During the orthopedic surgeon’s testimony, another issue was raised that was to become a recurrent minor theme as the trial progressed. A couple of months before the car crash, the plaintiff had slipped and fallen on the hard wood floor in one of the properties in his portfolio, and had been examined for, initially, a bad back and shoulder. He returned for medical help a month later, still complaining of shoulder pain—but not mentioning the back; and again, another month later, to be pronounced “100 percent” improved. Even though, as it turned out under cross-examination, this surgeon had only learned about the “slip-and-fall,” as it came to be known, the very morning of his testimony, he dismissed it out of hand as “not a factor” in the patient’s condition…

At which point, this being a Friday afternoon, we recessed for the weekend…


Monday morning loomed, with the arrival of a new witness for the plaintiff, a very lovely young woman who had been called to testify as a highly qualified radiologist with, again, an impressive resume. It was she who had recently, on the attorney’s request—I believe I have this detail right—examined the MRI scan from December, 2006 and diagnosed severe foraminal stenosis, a narrowing of the “window” in the vertebrae caused by a bulging disk, and resulting in the pinching of the root nerve that passes through it. A further MRI scan from July, 2007, if I have it right, suggested a further deterioration of the condition. The witness had also, more recently, discovered another complicating factor in the form of a hairline crack—a “Pars Defect”—in the rear part of the bone, which had not been detected by the MRI, but which showed up in a CT scan, better for examining the “bony detail.” The operating surgeon, we learned, had not been informed nor known about the existence of this defect, which might have implications for future surgery.

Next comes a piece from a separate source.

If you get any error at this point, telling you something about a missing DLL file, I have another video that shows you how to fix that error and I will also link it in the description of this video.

This witness was followed by a segment from a recorded deposition from a rival radiologist the defendant’s attorney would be calling on later in the trial. The video was clearly intended to show the future defense witness in a bad light, a clip that suggested him to be cursory and disinterested in the subject of the MRI—as well as the money-hungry recipient of a million dollar a year retirement income from his forensic work and testimony. He did, indeed, in this clip, come off rather badly. The attorney made a great deal of his failure to review the patient’s full medical records, in addition to relying on the evidence of the MRI films.

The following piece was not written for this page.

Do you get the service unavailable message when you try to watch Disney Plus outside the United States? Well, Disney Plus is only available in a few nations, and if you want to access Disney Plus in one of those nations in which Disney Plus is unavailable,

Having set this up, plaintiff’s attorney brought on what was quite clearly his star witness, the neurosurgeon mentioned earlier and identified as a close personal friend. Without a doubt, this witness had impeccable professional credentials and strong opinions, and it was pretty soon clear that he also had a rather poor opinion of those who did not share them. He was dismissive of orthopedic surgeons as essentially bone specialists, good for “fixing broken bones,” who lacked the knowledge and skills needed to properly treat or operate on a condition that involved “nerve behavior.” He made it clear that radiologists are no more than support staff for surgeons, and that their opinions are valid only subject to review. He dismissed the epidural option as essentially old school and pretty much worthless. He was also unshakable in his view that the plaintiff’s injury was caused exclusively by the collision.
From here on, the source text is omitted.